EXERCISE PROMPT ->
Filter the records, keeping every line that has the string "image".

(Saved entries)
——————————
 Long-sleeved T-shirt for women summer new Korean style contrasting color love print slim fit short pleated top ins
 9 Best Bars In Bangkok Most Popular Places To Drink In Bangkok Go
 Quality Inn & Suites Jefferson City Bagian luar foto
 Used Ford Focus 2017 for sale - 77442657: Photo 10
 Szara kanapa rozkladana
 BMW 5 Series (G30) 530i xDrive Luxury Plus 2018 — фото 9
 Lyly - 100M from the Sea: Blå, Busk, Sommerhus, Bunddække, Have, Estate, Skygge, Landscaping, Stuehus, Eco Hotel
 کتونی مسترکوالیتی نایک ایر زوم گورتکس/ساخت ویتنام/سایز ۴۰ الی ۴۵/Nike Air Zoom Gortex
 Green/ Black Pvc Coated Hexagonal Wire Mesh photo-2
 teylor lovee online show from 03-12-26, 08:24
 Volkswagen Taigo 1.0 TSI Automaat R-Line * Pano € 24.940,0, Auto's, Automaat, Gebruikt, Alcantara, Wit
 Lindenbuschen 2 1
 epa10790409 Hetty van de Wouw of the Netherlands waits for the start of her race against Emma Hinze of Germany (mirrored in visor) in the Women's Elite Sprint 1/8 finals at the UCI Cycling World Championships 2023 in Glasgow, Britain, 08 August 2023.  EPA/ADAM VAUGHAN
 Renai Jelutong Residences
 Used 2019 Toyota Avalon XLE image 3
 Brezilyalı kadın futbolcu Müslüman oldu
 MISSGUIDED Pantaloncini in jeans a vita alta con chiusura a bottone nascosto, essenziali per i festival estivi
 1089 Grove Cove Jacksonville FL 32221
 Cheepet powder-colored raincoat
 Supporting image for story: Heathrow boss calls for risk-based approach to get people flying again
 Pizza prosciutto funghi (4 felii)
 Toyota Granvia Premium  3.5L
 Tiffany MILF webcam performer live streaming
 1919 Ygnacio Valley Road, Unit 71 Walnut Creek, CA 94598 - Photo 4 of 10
——————————
SOLUTION TO THIS TASK ->
 Used 2019 Toyota Avalon XLE image 3
 Supporting image for story: Heathrow boss calls for risk-based approach to get people flying again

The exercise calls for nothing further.